來自:http://doc.okbase.net/QING____/archive/19447.html
也可參考:
http://blog.csdn.net/21aspnet/article/details/19325373
http://blog.csdn.net/unix21/article/details/18990123
kafka作為分布式日志收集或系統監控服務,我們有必要在合適的場合使用它。kafka的部署包括zookeeper環境/kafka環境,同時還需要進行一些配置操作.接下來介紹如何使用kafka.
我們使用3個zookeeper實例構建zk集群,使用2個kafka broker構建kafka集群.
其中kafka為0.8V,zookeeper為3.4.5V
一.Zookeeper集群構建
我們有3個zk實例,分別為zk-0,zk-1,zk-2;如果你僅僅是測試使用,可以使用1個zk實例.
1) zk-0
調整配置文件:
clientPort=2181 server.0=127.0.0.1:2888:3888 server.1=127.0.0.1:2889:3889 server.2=127.0.0.1:2890:3890 ##只需要修改上述配置,其他配置保留默認值
啟動zookeeper
./zkServer.sh start
2) zk-1
調整配置文件(其他配置和zk-0一只):
clientPort=2182 ##只需要修改上述配置,其他配置保留默認值
啟動zookeeper
./zkServer.sh start
3) zk-2
調整配置文件(其他配置和zk-0一只):
clientPort=2183 ##只需要修改上述配置,其他配置保留默認值
啟動zookeeper
./zkServer.sh start
二. Kafka集群構建
因為Broker配置文件涉及到zookeeper的相關約定,因此我們先展示broker配置文件.我們使用2個kafka broker來構建這個集群環境,分別為kafka-0,kafka-1.
1) kafka-0
在config目錄下修改配置文件為:
broker.id=0
port=9092
num.network.threads=2
num.io.threads=2
socket.send.buffer.bytes=1048576
socket.receive.buffer.bytes=1048576
socket.request.max.bytes=104857600
log.dir=./logs
num.partitions=2
log.flush.interval.messages=10000
log.flush.interval.ms=1000
log.retention.hours=168
#log.retention.bytes=1073741824
log.segment.bytes=536870912
log.cleanup.interval.mins=10
zookeeper.connect=127.0.0.1:2181,127.0.0.1:2182,127.0.0.1:2183
zookeeper.connection.timeout.ms=1000000
kafka.metrics.polling.interval.secs=5
kafka.metrics.reporters=kafka.metrics.KafkaCSVMetricsReporter
kafka.csv.metrics.dir=/tmp/kafka_metrics
kafka.csv.metrics.reporter.enabled=false
因為kafka用scala語言編寫,因此運行kafka需要首先准備scala相關環境。
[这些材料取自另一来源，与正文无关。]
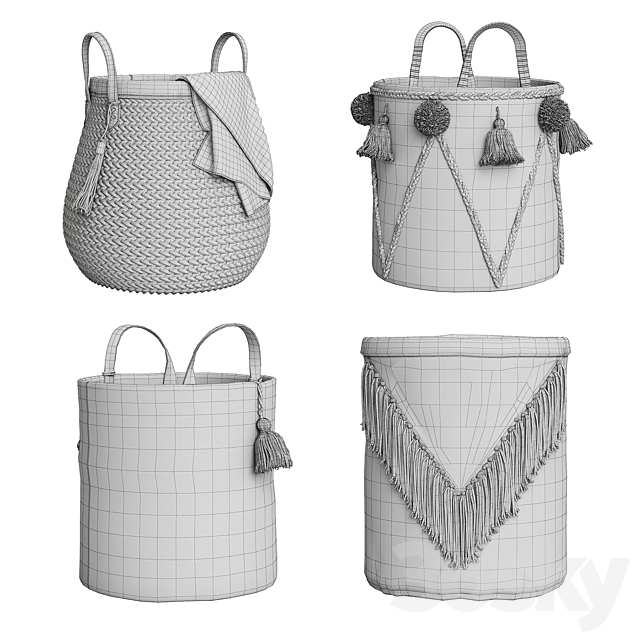 Baskets Set 04 3DSMax File - thumbnail 5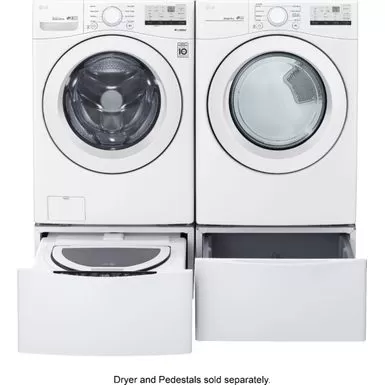 LG - 4.5 Cu. Ft. High Efficiency Stackable Front-Load Washer With 6Motion Technology - White 14 LG - 4.5 Cu. Ft. High Efficiency Stackable Front-Load Washer With 6Motion Technology - White - Image 12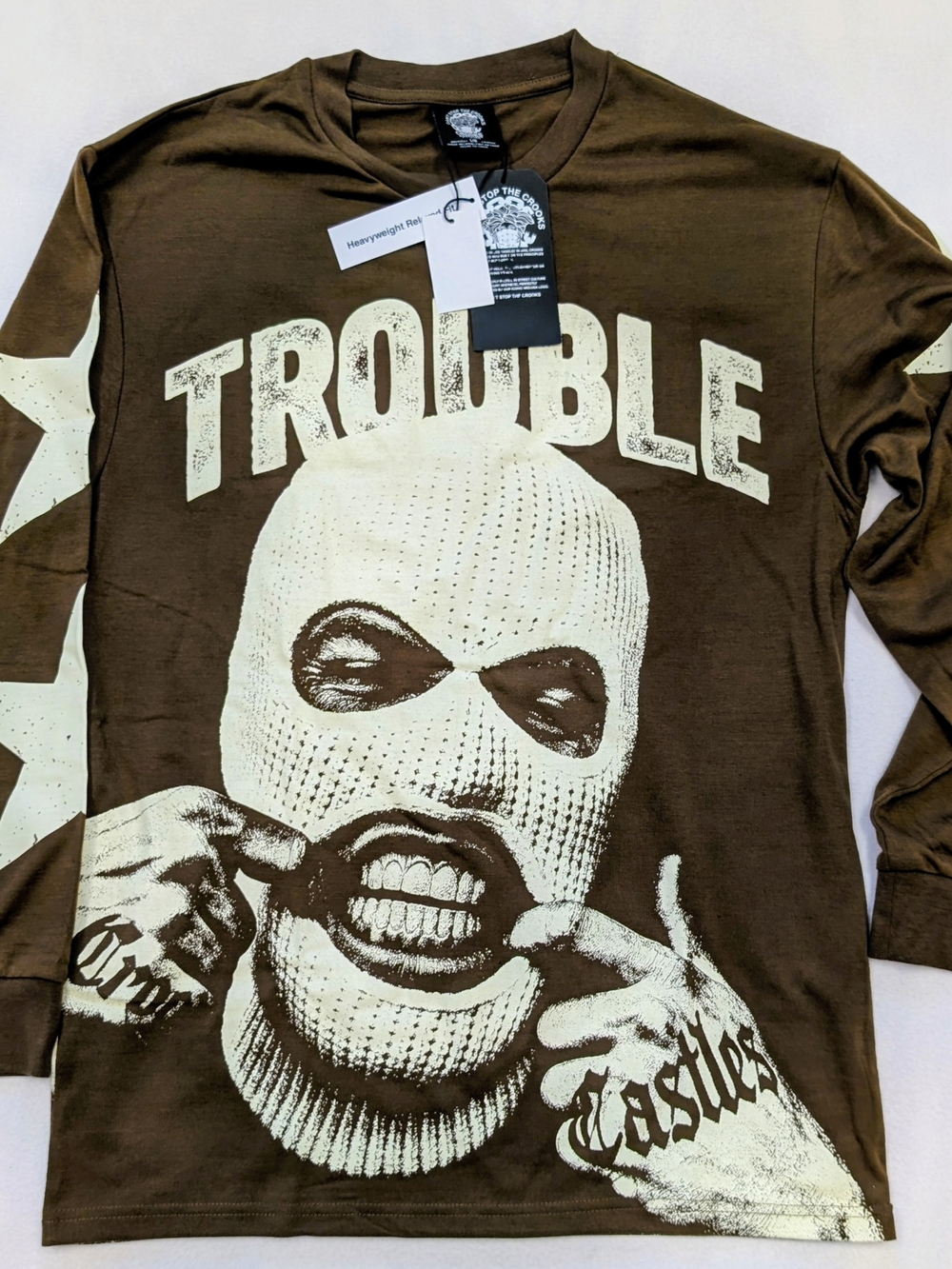 Crooks & Castles Trouble Mask Graphic Tee Streetwear Shirt NWT Men's L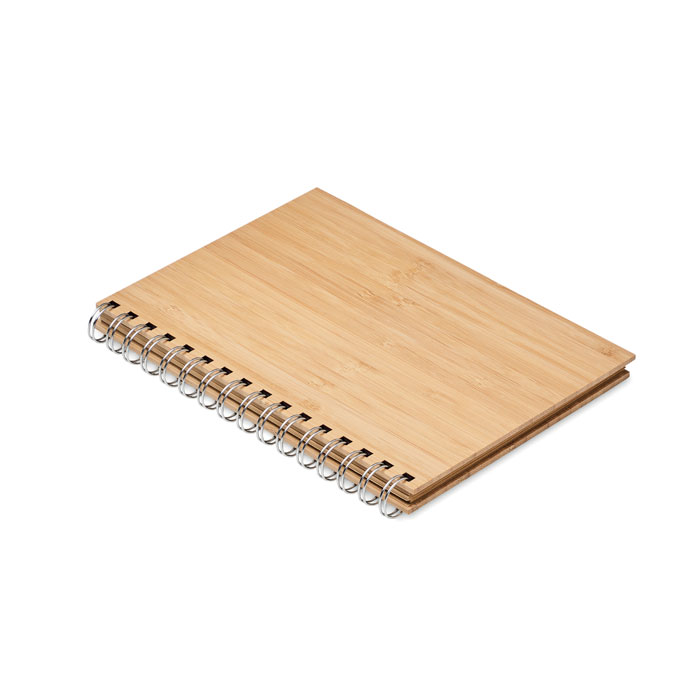 MO6790 - Libreta A5 de bambú anillas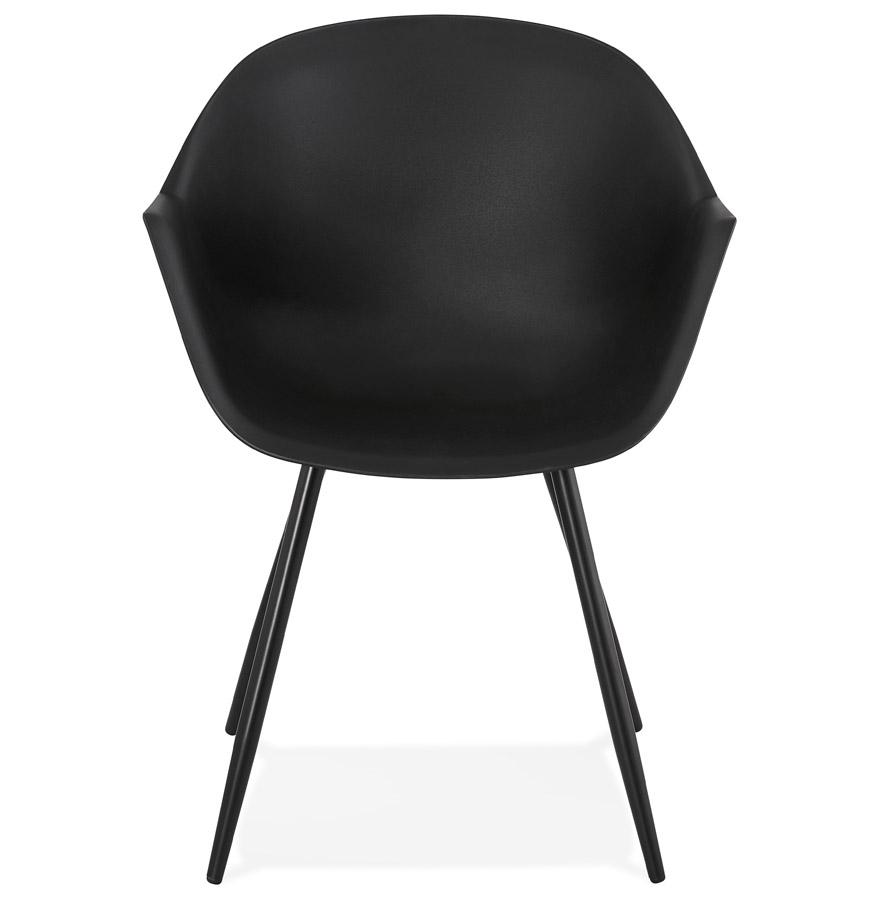 Kokoon Design Designer Black 'KELLY' Armrest Chair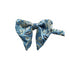 Light Blue Paisley Long-Tail Bow Tie & Pocket Square Set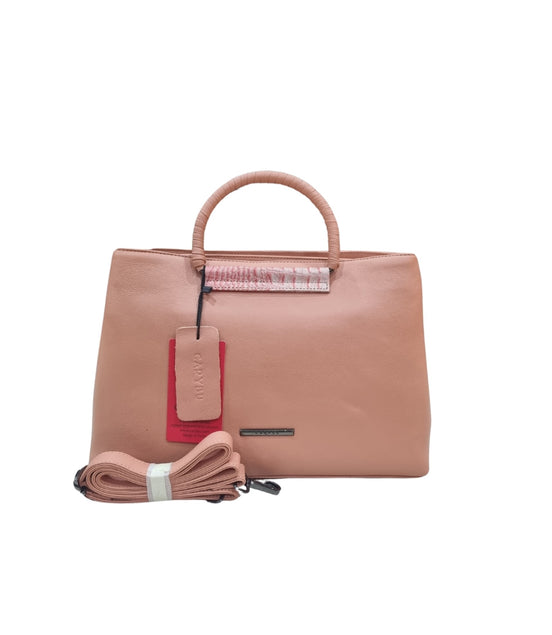 Carybu Leather Hand-Bag Large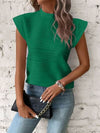 Mock Neck Cap Sleeve T-Shirt (Multiple Colors)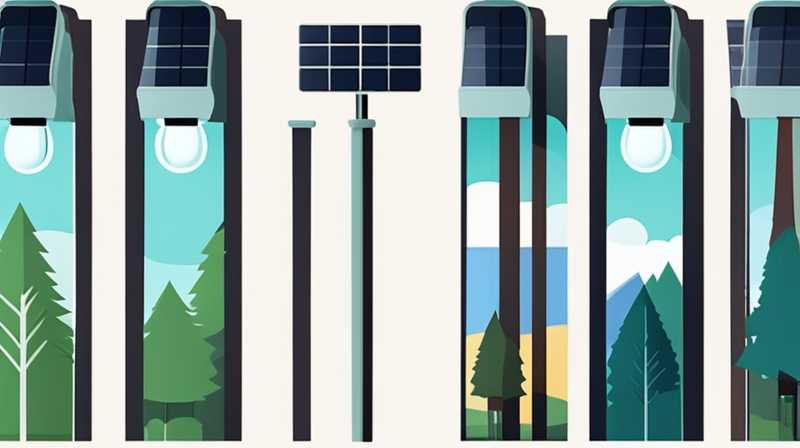 How to install solar street lights in the woods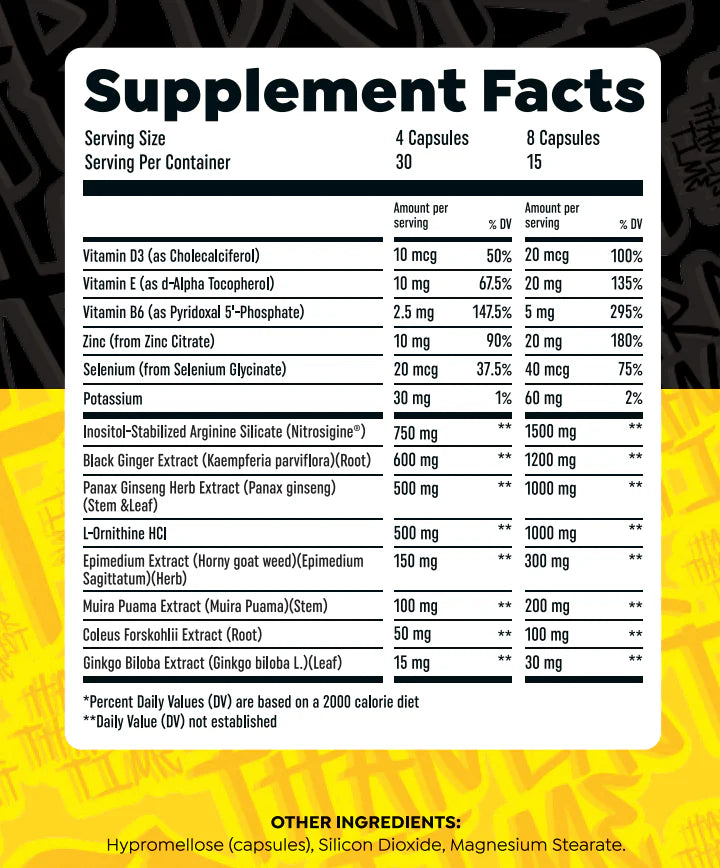 HTLT "Harder Than Last Time" Libido Support (120 Capsules)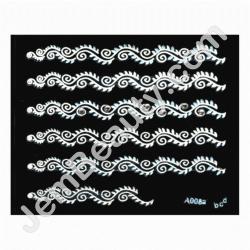  Berkeley 3D Nail Decal A008 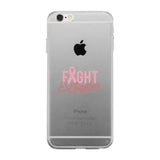 Fight Together Breast Cancer Awareness Clear Phone Case
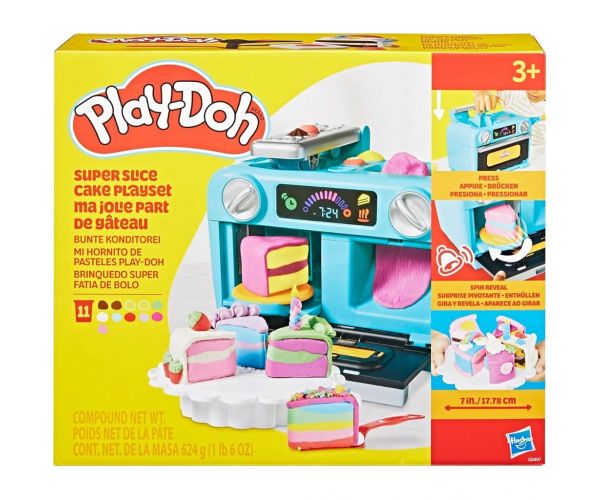 Play-Doh: Set de plastilină felie de tort minunată 624g - Hasbro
> cd kafka-0 > ./sbt update > ./sbt package > ./sbt assembly-package-dependency
其中最后一條指令執行有可能出現異常,暫且不管。 啟動kafka broker:
> JMS_PORT=9997 bin/kafka-server-start.sh config/server.properties &
因為zookeeper環境已經正常運行了,我們無需通過kafka來掛載啟動zookeeper.如果你的一台機器上部署了多個kafka broker,你需要聲明JMS_PORT.
2) kafka-1
broker.id=1 port=9093 ##其他配置和kafka-0保持一致
然后和kafka-0一樣執行打包命令,然后啟動此broker.
> JMS_PORT=9998 bin/kafka-server-start.sh config/server.properties &
到目前為止環境已經OK了,那我們就開始展示編程實例吧。
三.項目准備
項目基於maven構建,不得不說kafka java客戶端實在是太糟糕了;構建環境會遇到很多麻煩。建議參考如下pom.xml;其中各個依賴包必須版本協調一致。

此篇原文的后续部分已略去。